According to the survey conducted by the Government Business Council and GovExec.com and released Tuesday, 71 percent of federal workers oppose the shutdown, compared to just 21 percent who support it. Just 34 percent of federal employees surveyed support Trump’s demand for funding for the wall, while 56 percent oppose it. And of those workers against the wall, more than 80 percent say they are strongly opposed to it.

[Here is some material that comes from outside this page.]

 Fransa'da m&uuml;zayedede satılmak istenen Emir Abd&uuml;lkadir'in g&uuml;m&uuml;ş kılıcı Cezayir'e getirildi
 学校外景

Meanwhile, a pair of recent national polls show most Americans blame the president for the shutdown. According to a CNN survey released Monday, 56 percent of Americans oppose a border wall, while 39 percent favor one. And according to a PBS NewsHour/Marist poll released Wednesday, 54 percent say Trump is to blame for the impasse, while 31 percent put the blame on Democrats in Congress. (Five percent of those polled blame congressional Republicans.) And more than 70 percent believe shutting down the government in order to reach an agreement on policy is a bad strategy, compared to just 22 percent who do.
Among those who consider the strategy flawed: 35 percent of Republicans.

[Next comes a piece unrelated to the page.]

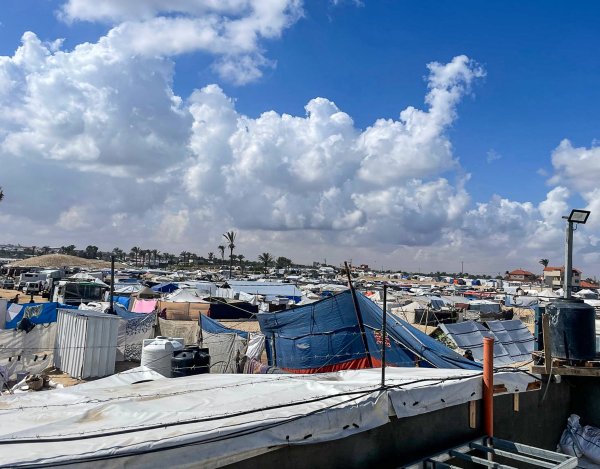 Tiendas de campaña en la abarrotada al-Mawasi, tras la reubicación forzosa de familias de Rafah. Foto: Save the Children.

Trump is demanding Congress allocate $5.7 billion that would go toward construction of a physical barrier on the U.S. border with Mexico in exchange for reopening the government. Democrats are refusing to do so, and want the government reopened while negotiations continue.
The shutdown, now in its 26th day, is the longest in U.S. history. About 800,000 federal employees have been affected. Approximately half of those are continuing to work without pay, although they are likely to receive back pay after a budget is passed. The rest are furloughed.

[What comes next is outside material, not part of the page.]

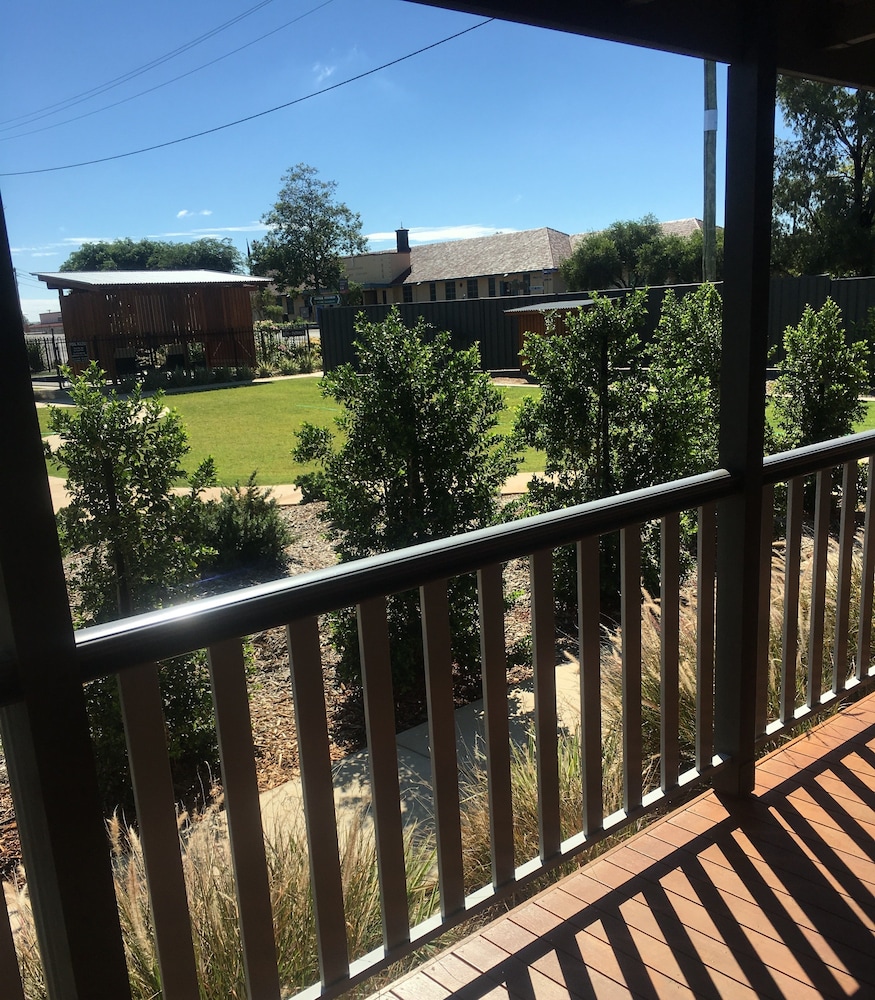 The Rocks Motel,Injune>>Charleville,4 star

For the first time ever, a funding impasse is affecting active-duty military personnel.
On Tuesday, U.S. Coast Guard Commander Adm. Karl Schultz advised more than 40,000 active duty members that they would not be receiving their regularly scheduled mid-month paycheck.
“To the best of my knowledge, this marks the first time in our Nation’s history that service members in a U.S. armed force have not been paid during a lapse in government appropriations,” Schultz wrote in a letter to them. “I recognize the anxiety and uncertainty this situation places on you and your family, and we are working closely with service organizations on your behalf.
“You have proven time and again the ability to rise above adversity,” he added. “Stay the course, stand the watch, and serve with pride. You are not, and will not, be forgotten.”